Arrêt Al Dibs c. Conseil, aff. T-405/24

Saisi d’un recours en annulation, le Tribunal de l’Union européenne s’est prononcé sur la validité d’une série de décisions et de règlements d’exécution modifiant la décision 2013/255/PESC ainsi que le règlement (UE) 2012/36 par lesquels le Conseil de l’Union européenne a imposé des mesures restrictives au requérant, aux motifs qu’il est un homme d’affaires influent ayant exercé ses activités en Syrie, associé par des liens capitalistiques à l’ancienne famille dirigeante Al-Assad dont il a tiré profit et qu’il continuerait de soutenir. Le Tribunal rappelle que la présomption de lien avec l’ancienne famille dirigeante issue du critère autonome des « hommes et femmes d’affaires influents » exerçant leurs activités en Syrie, peut être renversée sous réserve que le requérant apporte des éléments remettant sérieusement en cause la fiabilité des preuves du Conseil ou un faisceau d’indices démontrant l’inexistence ou la disparition de ce lien ou d’une quelconque association.

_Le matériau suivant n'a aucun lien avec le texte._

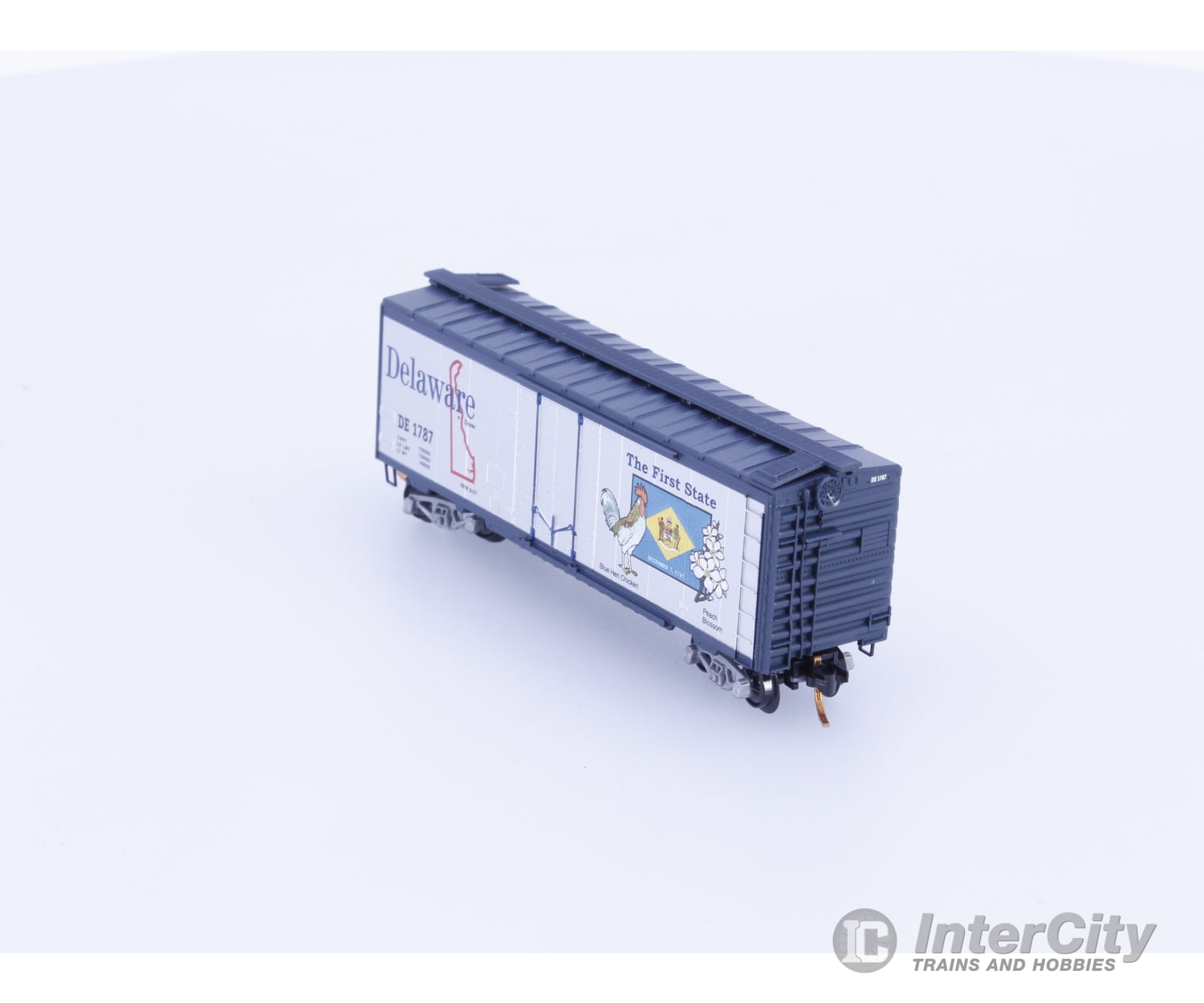 Micro Trains 02100414 N 40’ Plug Door Boxcar Delaware State Car (DE) 1787 Freight Cars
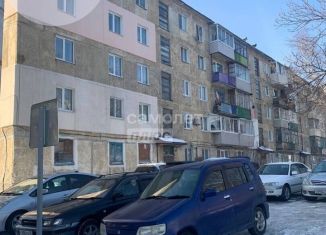 Двухкомнатная квартира на продажу, 43.4 м2, Приморский край, проспект 50 лет Октября, 32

Le Tribunal estime que la circonstance tirée de l’expatriation de longue date du requérant, ainsi que de la dégradation ultérieure de son état de santé, ne sont pas de nature à remettre en cause ses liens avérés avec l’ancien régime lors de l’adoption des mesures litigieuses. Ce constat est renforcé par la place centrale occupée par le requérant au sein de l’écosystème économique syrien et la portée de son influence dans les milieux d’affaires lors de l’adoption des actes en cause. Le Tribunal considère par ailleurs qu’en dépit de la transition politique initiée en décembre 2024, le réseau des hommes et femmes d’affaires influents liés à la famille Al-Assad n’était pas totalement dissous, et continuait à représenter une menace crédible pour le processus de transition pacifique et la société syrienne. Partant, le Tribunal rejette le recours. (BM)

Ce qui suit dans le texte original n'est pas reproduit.